COOKING ON A DEADLINE: Mushroom Cornbread Stuffing or Dressing

This October 2017 photo shows mushroom cornbread stuffing in New York. This dish is from a recipe by Katie Workman. (Sarah Crowder via AP)

So, what do you say, dressing or stuffing?

Technically, it’s dressing if it’s cooked in a pan and stuffing if it’s cooked inside the bird. However, which word you choose seems to have more to do with where you come from: Midwestern or Southern folks often call it dressing, regardless of where it’s cooked, and Northeasterners lean toward the term stuffing, even if it never saw the inside of the turkey.

You can certainly cook this stuffing in the turkey if you want, but I rather love it in a pan, so the top gets crispy and browned. Or do a little of each method if your gang is divided.

Crumbling the cornbread and letting it sit out for a day allows it to dry slightly, which prevents the stuffing/dressing from baking up heavy and possibly soggy. The somewhat dried cornbread will then be able to soak up the moisture and flavor of the rest of the ingredients and stay on the lighter side.
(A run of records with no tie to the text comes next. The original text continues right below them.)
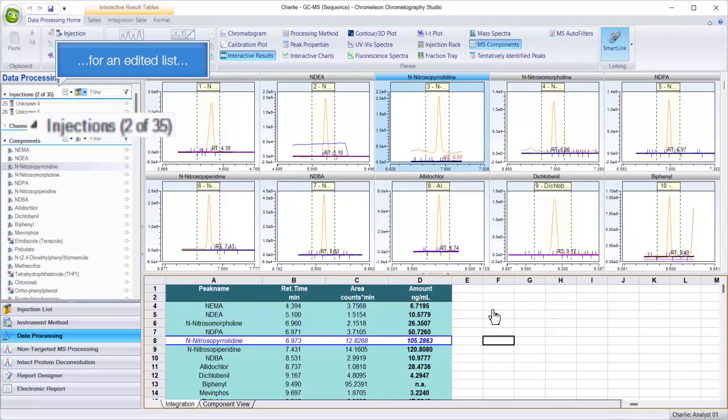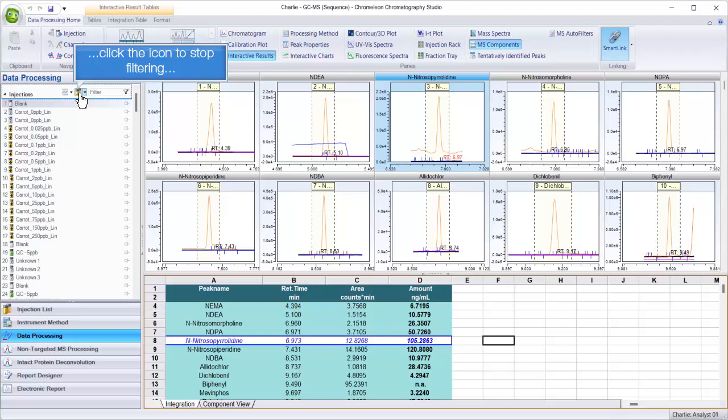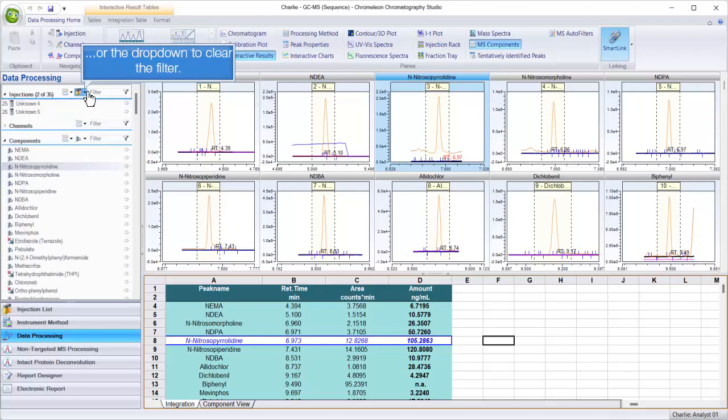For an edited list, click the icon to stop filtering, or the drop-down to clear the filter.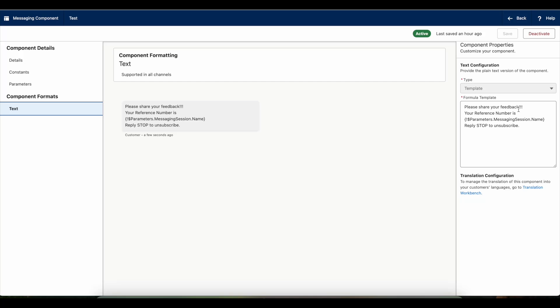Here, instead of name which is a standard field, if you use the custom field API name, it will fetch that custom field value from the messaging session record and then it will be able to send it.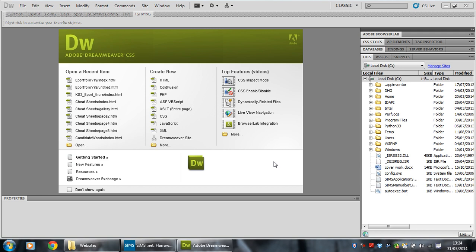Hi kids, this is Mr. Woods and I'm going to show you how to set up a new website in Dreamweaver. You can use this to make any sort of website you like or an e-portfolio which you might be doing in year 9.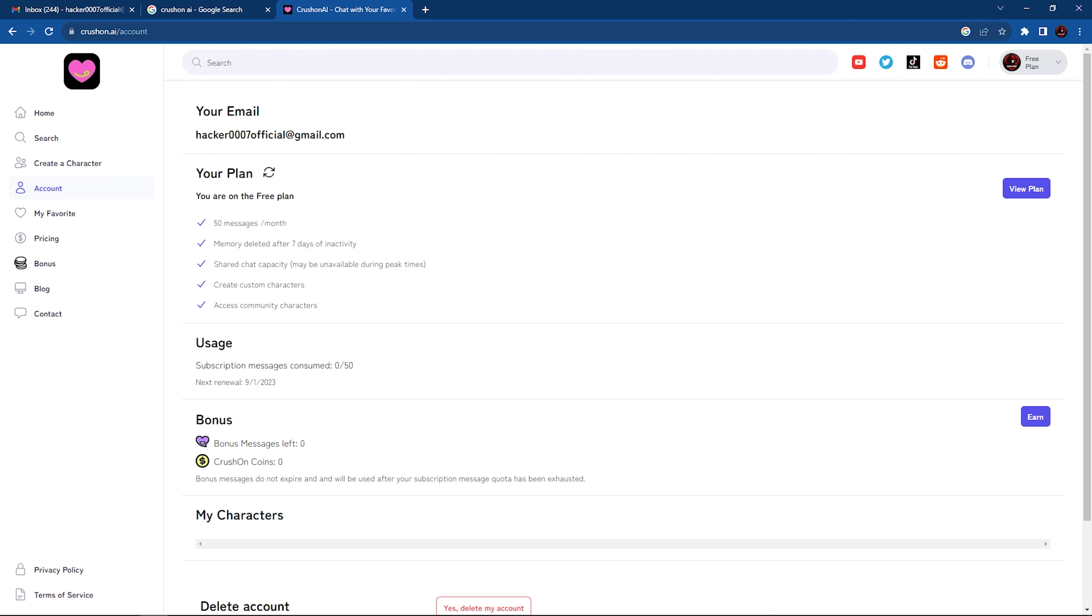Once signed in, as you can see here, we're greeted with the free plan option. You can obviously upgrade your plan. So we have 50 messages per month, memory deleted after seven days of inactivity, shared chat capacity, create custom characters, and access community characters.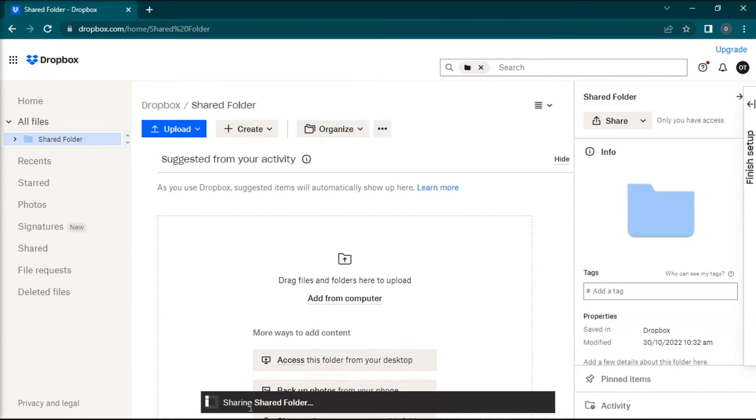After that, you can now add your files, photos, or videos, and you can now share them with the persons you chose.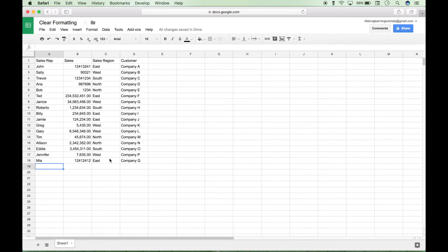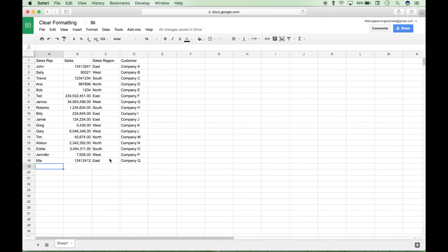So, that is it for this tutorial on how to clear all formatting in Google Sheets. We'll be doing many more spreadsheet tutorials here in the near future. Please join us for those and we'll see you next time.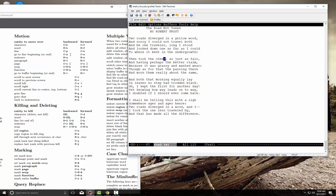Control-N moves down to the next line (the down arrow equivalent) and Control-P is the up arrow. To move forward a word, hit Escape then F — note that with Escape you don't hold it down, you just tap it and then press the key. Escape-B goes back a word. Escape-A goes to the beginning of a sentence, Escape-E to the end. Escape and the left curly bracket goes to the beginning of a paragraph.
The types of mushrooms you can use in this recipe are limitless. Use the ones that appeal, the ones that are on sale, the ones that fit into your budget. You can absolutely use only inexpensive button mushrooms, but it’s great to mix in some delicious and chewy (but pricier) shiitakes. If you’re splurging (or if you have a friend knowledgeable about mushroom foraging), go for all wild mushrooms.

You can also mix in some browned and crumbled sausage or some crumbled crispy bacon or pancetta for extra flavor. (Add any additional salt judiciously if you do that, as the pork will add some saltiness).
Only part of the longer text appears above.